La 60^ edizione dell'Esposizione Internazionale d'Arte di Venezia
Giardini di Venezia e Arsenale
Stranieri ovunque
di Brigida Mascitti
Sabato 20 aprile ha aperto i battenti - all’Arsenale e ai Giardini di Venezia - la 60° Esposizione Internazionale d’Arte dal titolo “Stranieri Ovunque – Foreigners Everywhere”, a cura di Adriano Pedrosa e prodotta dalla Biennale.
Il titolo è tratto da una serie di lavori realizzati a partire dal 2004 dal collettivo Claire Fontaine, nato a Parigi e con sede a Palermo: queste opere consistono in sculture al neon di vari colori che riportano in diverse lingue le parole “Stranieri Ovunque”. L’espressione è stata inoltre presa dal nome di un omonimo collettivo torinese che nei primi anni Duemila combatteva contro il razzismo e la xenofobia in Italia.
Secondo il curatore Pedrosa, l’espressione ha più di un significato: “…innanzitutto, vuole intendere che ovunque si vada e ovunque ci si trovi si incontreranno sempre degli stranieri: sono/siamo dappertutto.

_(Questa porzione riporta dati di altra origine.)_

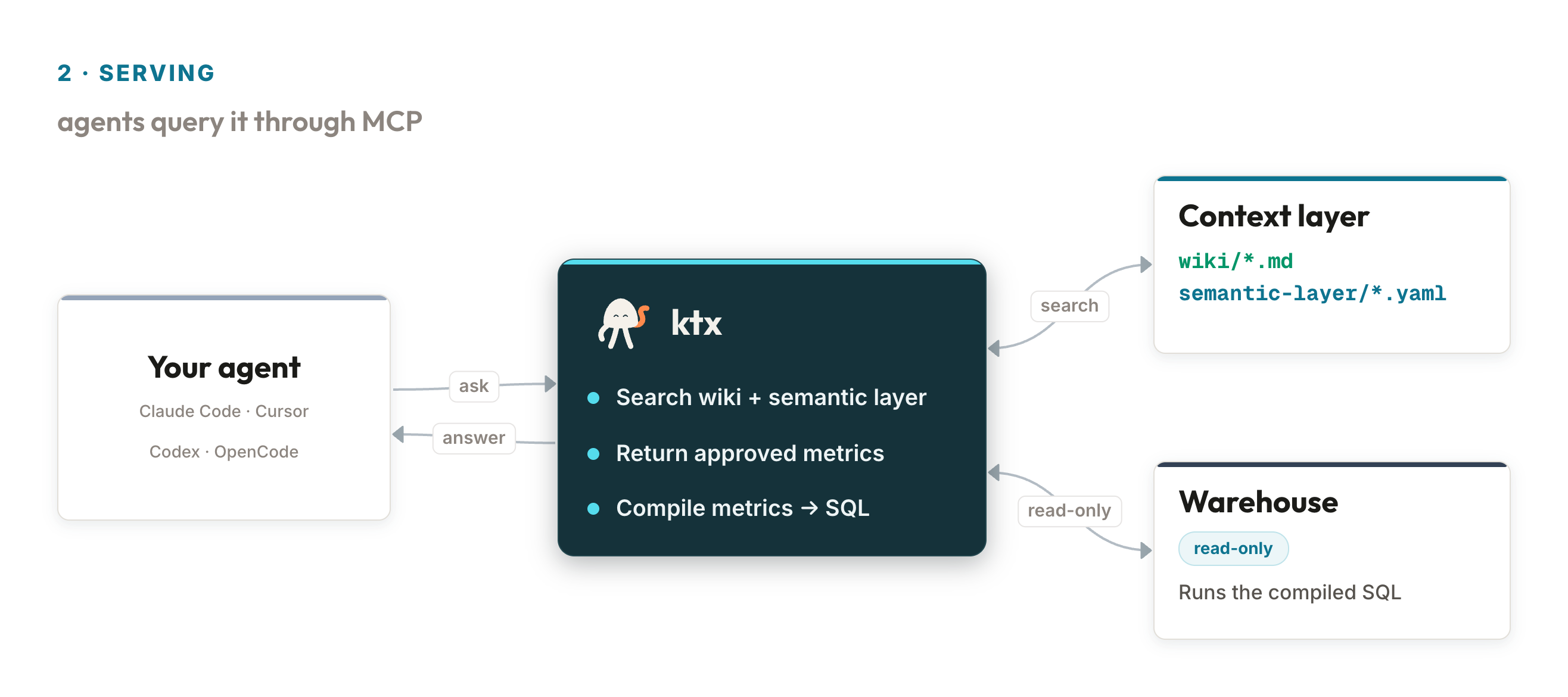 Serving: an agent queries ktx through MCP, which searches the wiki and semantic layer, returns approved metrics, and compiles them into read-only SQL run against the warehouse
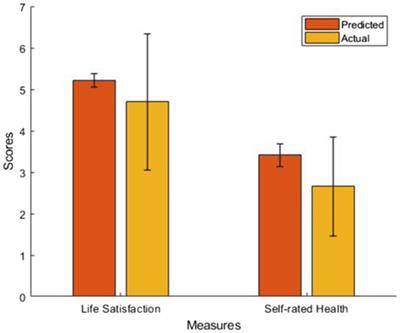 People with epilepsy have poor life satisfaction and self-rated health: Findings from the United Kingdom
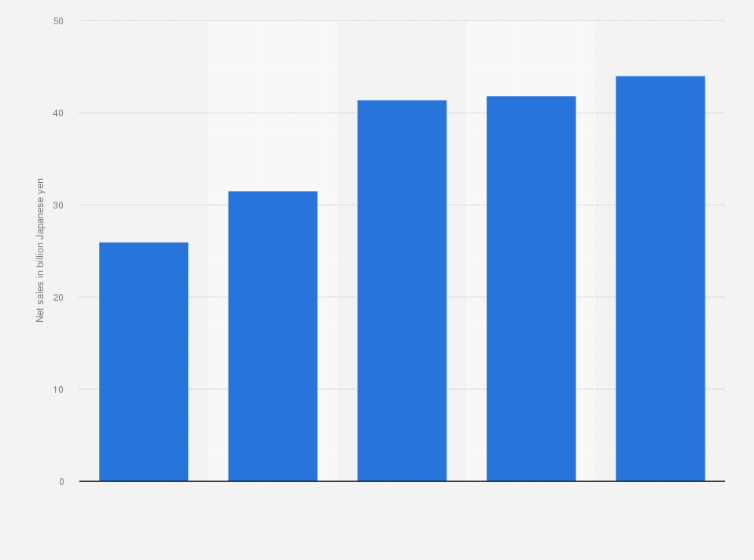 Statistic: Net sales of Alfresa Holdings Corporation's manufacturing business from fiscal year 2014 to 2018 (in billion Japanese yen)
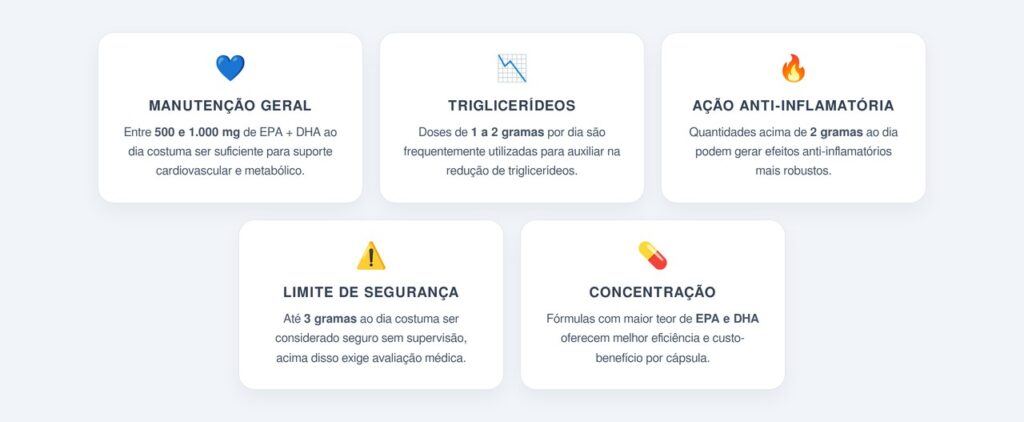 Qual a dose ideal de EPA e DHA por dia?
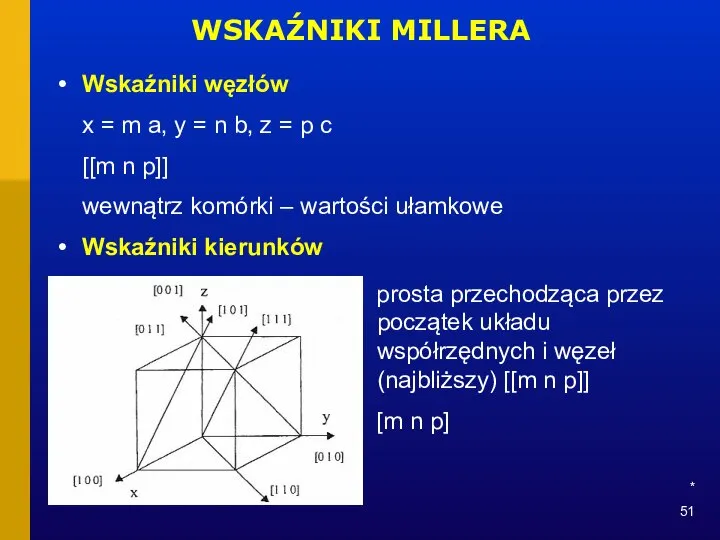 * WSKAŹNIKI MILLERA Wskaźniki węzłów x = m a, y =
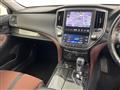 2015 Toyota Crown Hybrid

In secondo luogo, che a prescindere dalla propria ubicazione, nel profondo si è sempre veramente stranieri”.
La novità di questa edizione consiste nell’esposizione suddivisa in due nuclei distinti: il “Nucleo Contemporaneo” ed il “Nucleo Storico”. Il primo consiste nella produzione di soggetti connessi a tutto ciò che risulta essere “strano”: l’artista queer, che si muove all’interno di diverse sessualità e generi ed è spesso perseguitato o messo al bando; l’artista outsider, che si trova ai margini del mondo dell’arte, proprio come l’autodidatta o il cosiddetto artista folk o popular; l’artista indigeno, spesso trattato come uno straniero nella propria terra. Il Nucleo Storico è invece composto da opere del XX secolo provenienti dall’America Latina, dall’Africa, dall’Asia e dal mondo arabo. Si è scritto molto sui modernismi globali e su quelli del Sud del mondo, motivo per cui in alcune sale sono esposti lavori provenienti da tali territori, come a costituire una sorta di saggio, una bozza, un ipotetico esperimento curatoriale volto a mettere in discussione i confini e le definizioni del Modernismo.
Come sottolineato da Pedrosa, “nel corso della ricerca sono emersi in modo piuttosto organico due elementi diversi ma correlati che sono stati sviluppati fino a imporsi come leitmotiv di tutta la Mostra. Il primo è il tessile, esplorato da molti artisti coinvolti, a partire da figure chiave nel Nucleo Storico, fino a molti autori presenti nel Nucleo Contemporaneo. [...]
Tali opere rivelano un interesse per l’artigianato, la tradizione e il fatto a mano, così come per le tecniche che, nel più ampio campo delle belle arti, sono state a volte considerate altre o straniere, estranee o strane. [...] Un secondo elemento è rappresentato dagli artisti – molti dei quali indigeni – legati da vincoli di sangue. [...] Anche in questo caso la tradizione gioca un ruolo importante: la trasmissione di conoscenze e pratiche da padre o madre a figlio o figlia oppure tra fratelli e parenti”.
Le partecipazioni quest’anno raggiungono un livello molto alto, con 90 paesi, cui si aggiungono 30 eventi collaterali, approvati dal curatore e promossi da enti e istituzioni pubbliche e private, organizzati in numerose sedi della città di Venezia e portatori di un'ampia offerta di contributi e partecipazioni che arricchiscono il pluralismo di voci che caratterizza la Mostra.
Tra le imperdibili sicuramente “City of Refuge III” dell’artista belga Berlinde De Bruyckere che si appropria degli spazi dell’Abbazia di San Giorgio Maggiore; la mostra collettiva “Breast”, a cura di Carolina Pasti presso Palazzo Franchetti e la mostra di Joan Fontcuberta: “Cultura di polvere” presso il Museo Fortuny.
Per gli amanti della “Pop” la personale di Robert Indiana “The Sweet Mystery” alle Procuratie Vecchie e per una rilettura tra antico e contemporaneo “Musei delle lacrime” di Francesco Vezzoli al Museo Correr.
Quest’anno il Padiglione Italia alle Tese delle Vergini in Arsenale è sostenuto e promosso dalla Direzione Generale Creatività Contemporanea del Ministero della Cultura, ed è a cura di Luca Cerizza, con il progetto “Due qui / To hear” dell'artista Massimo Bartolini, che include contributi appositamente ideati da musiciste/i e da scrittrici/scrittori anche se il Padiglione Germania, nella sua storica sede dei Giardini, a cura di Cagla Ilk e con opere di Yael Bartana, Ersan Mondtag, Michael Akstaller, Nicole L’Huillier, Robert Lippok e Jean St. Werne è sicuramente il più degno di nota tra i Paesi storici partecipanti all’esposizione internazionale.